The side-effect of this is:
  • You can add new interfaces and implementations without breaking or changing any existing code.
  • You can create multiple implementations of an interface for a single type, based the current scope.
  • If you're not using any methods, then there's no internal pointer to a vtable being stored in the type; which can save you several thousand bytes of cache space if you're iterating over arrays.
  • You can combine interfaces with generics. For example, `render(Renderable proto T, T thing);`, which will get inlined as `render(Renderable T thing)` like C++ templates. This functionality is similar to the "where" type-constraints in C#.
  • You get to explicitly control whether an implementation passes `this` by value or by reference
Pretty much all of the problems with OOP just disappear. Even the pre-planning process goes away, because you can just write and change implementations as you need to instead of thinking about how it's going to affect the design and future of an entire system. And when you do need to change an interface, you'll find that the impact it has on your code isn't that substantial. Why? Because most functions only use one or two methods which are actually associated with an instance, not a typeclass. As a result, interfaces tend to be really small and highly specialized.


EDIT:

Another small thing I forgot to mention; interfaces are not meant to be used everywhere, all the time. They're a tool that exists specifically to deal with cases where the type of something isn't known until runtime (specifically, virtual methods). In pretty much all other situations, you should be using regular functions.
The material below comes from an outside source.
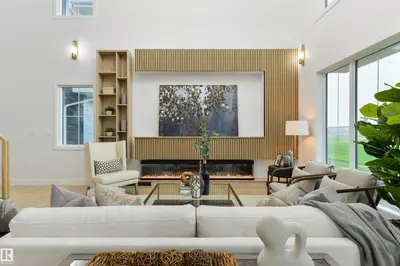Interior photo 2 of 266 Falcon Crescent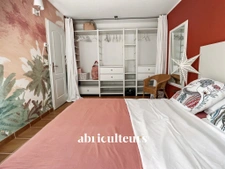 Magnifique propriété  de 235m² avec piscine, et dépendances à Rognes 13840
Re: Opinions On A New Programming Language

Posted: Fri Feb 16, 2018 12:20 am
by Wajideus
A new feature, access modifiers for function arguments:

Code: Select all

proc doThing1() {
    Thing thing;
    doThing1(&thing);
}

proc doThing2(Thing *thing) {
    doThing3(thing);  // ERROR! private -> public
}

proc doThing3(pub Thing *thing) {
}
Local variables and function arguments are private by default, and a private symbol:
  • Cannot be casted to a public symbol
  • Cannot be assigned by reference to any public symbol, struct member, or symbol in a higher scope.
  • Cannot be passed as an argument by reference to any function that expects a public symbol
Return values are public by default, and a public symbol:
  • Can be casted to a private symbol
  • Can be assigned by reference to any other symbol or struct member
  • Can be passed as an argument by reference to any function
This mechanism makes it impossible to accidentally create dangling pointers.


EDIT:

Something else I've decided to support, non-nullable references:

Code: Select all

proc UpdateActor(Actor &actor) {
}
The way this works is simple. Any `T&` to `T*` cast is implicit and works exactly as you would expect. However, an implicit cast from `T*` to `T&` will result in a non-null-pointer assertion being generated. Doing an explicit cast from `T*` to `T&` will bypass this assertion, so you can do stuff like having an object at address `0`.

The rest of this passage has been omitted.